I liked the previous one in the series, covering the millennium up to 1649, but this one’s even better: covering as it does one of the more interesting periods of British history, from the English Civil War through the end of the Napoleonic Wars.
It’s full of great stories: both the greater narrative of British sea power that started out as a collective myth but ended up as reality; and the smaller stories, in themselves no less epic. Rodger, in a single page, can outline the material for a book of its own.
Like Captain George Anson, who in 1740 was sent to the Pacific Coast of South America to attack Panama. He set sail with eight ships, enduring a “horrific three month struggle to round Cape Horn against the fierce gales of the Southern Ocean”; and when his squadron reassembled in the Pacific he’d lost three ships – one wrecked, two having turned back – and two thirds of his remaining men to scurvy. Naturally at this point, after a bit of raiding up the coast, he thought he’d emulate Drake by crossing the Pacific, as one does when one is a British officer. By this time he was down to two ships, but with another outbreak of scurvy had to scuttle the other for lack of hands before making for Canton, where he refitted; and while pretending to be making for Britain (presumably to keep the crew happy) took the annual Spanish treasure galleon off the Phillippines coast.
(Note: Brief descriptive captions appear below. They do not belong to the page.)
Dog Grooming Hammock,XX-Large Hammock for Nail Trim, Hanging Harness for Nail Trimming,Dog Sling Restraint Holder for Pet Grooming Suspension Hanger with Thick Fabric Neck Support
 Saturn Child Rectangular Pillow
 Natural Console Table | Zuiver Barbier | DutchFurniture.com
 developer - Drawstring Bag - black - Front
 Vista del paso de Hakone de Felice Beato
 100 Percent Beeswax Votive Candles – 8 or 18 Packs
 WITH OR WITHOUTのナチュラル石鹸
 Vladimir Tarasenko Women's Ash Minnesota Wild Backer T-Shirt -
After selling it at Canton he made his way back to England, arriving in June 1744, just three months short of four years away. This is pretty amazing when you think about it. But terrible too: according to Rodger, “more than 1,300 members of the original expedition perished, and 145 now remained to see England again”.
And this account, of the 1759 destruction of the French fleet in the Battle of Quiberon (Bay on the southern Brittany coast), an action that eliminated the threat of French invasion during the Seven Years War:
The scene was dramatic. Both fleets were driving eastwards before a rising gale, the French shortening sail, Hawke’s ships shaking the reefs out of their topsails. Before them in the fading light of a winter’s afternoon lay a dangerous coast of which [the British] had no reliable charts.
The French didn’t think the British would be fool enough to follow them into the bay, an unknown shore for them and with a gale behind them, but they were wrong. So wrong. Two British ships were wrecked but the French fleet was destroyed. “No British admiral ever rang such navigational risks or gained so dramatic a victory”, says Rodger.
The other interesting aspect is the view of history though a maritime lens: I had not thought of Charles II and his brother James as great sailors, but they were, and did much to advance the navy. Pepys; Pitt; William III (who would appear to have been is somewhat unfairly not credited by history for his successful invasion of England with his Dutch army in 1688) all featuring to a greater or lesser degree and providing leads for my further reading. And how Protestantism and piracy seemed to go so well together.
And… (this is the best bit) I’m less than halfway through. Bliss.